Earlier in the day, Liberal Leader Michael Ignatieff took aim at Harper's move and said that Canadians want their elected MPs to get back to work. Ignatieff also announced that his MPs would be returning to Ottawa later this month, despite the fact Parliament has been shut down until March.
It was the second time in just over a year that Harper shut down Parliament, something Ignatieff said was the latest example of Harper going "too far."
"Every time this guy's in a hole, he tries to shut down institutions that control his power. That's what's bothering Canadians and that's what we're listening to," Ignatieff told reporters.
"Do your darn job. Lower the volume. Do what you are elected to do," he said.

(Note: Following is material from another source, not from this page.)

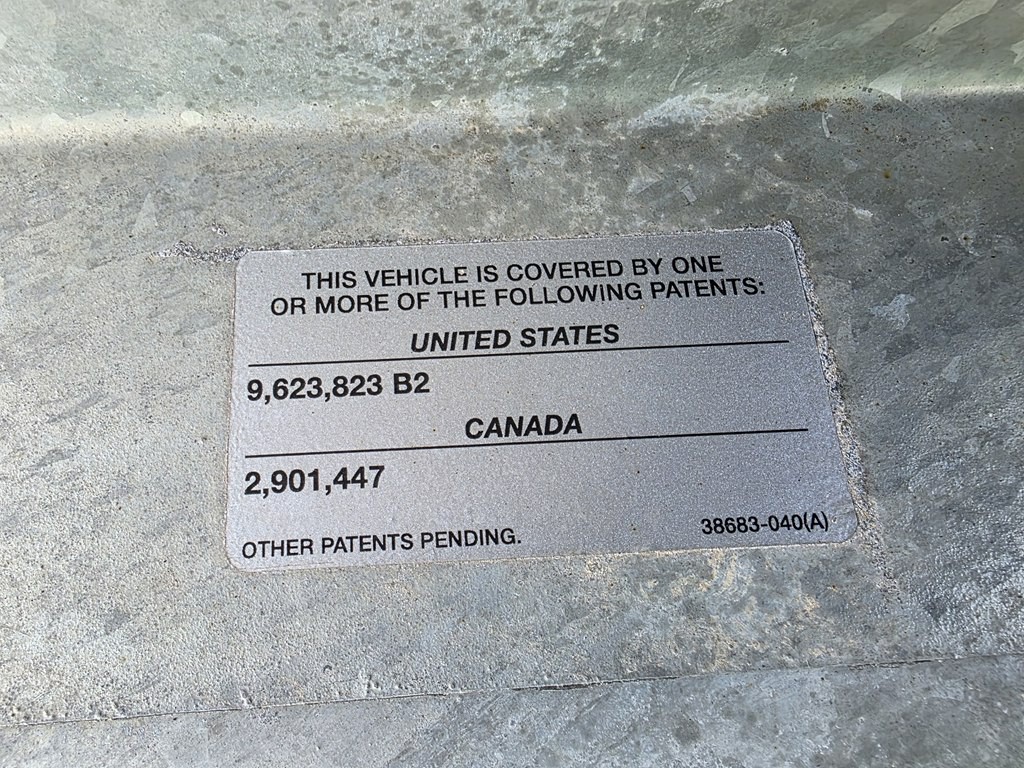 2023 RAM Promaster Image 45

Ignatieff said he will send his troops -- including both senators and sitting MPs -- back to work on Jan. 25 to undertake a series of roundtables and pre-budget consultations on issues including jobs creation, unemployment, veterans' issues and the environment.
"We're not just showing up for a photo op, we're showing up to go to work. That's the point," Ignatieff said.
He said party members will also work with "other parliamentarians" to look at the issue of treatment of Afghan detainees, a thorny issue the government has been pressed about for weeks.
The Liberal leader said he will not push for an election despite what he called the "crazy way" the Tories have of running a democracy.
The Liberals' plan to head to work is the latest public embarrassment Harper has endured over his controversial decision to prorogue Parliament.
Earlier this week, Britain's Economist magazine said the move smacked of "naked self interest." The influential publication had previously endorsed Harper in the previous two elections.
The prime minister's dressing-down by the Economist followed a public poll that suggested more than half of Canadians opposed the prorogation.
"I think this is getting to be an issue that's gotten out of control for the government and the Prime Minister's Office," said CTV Ottawa Bureau Chief Robert Fife.
Harper has made a number of media appearances in recent days "to try to justify his decision for closing down Parliament," said Fife.
If the Liberals -- and perhaps other opposition parties -- return to work over the next two months, it will leave the Conservative government on the defensive, Fife said.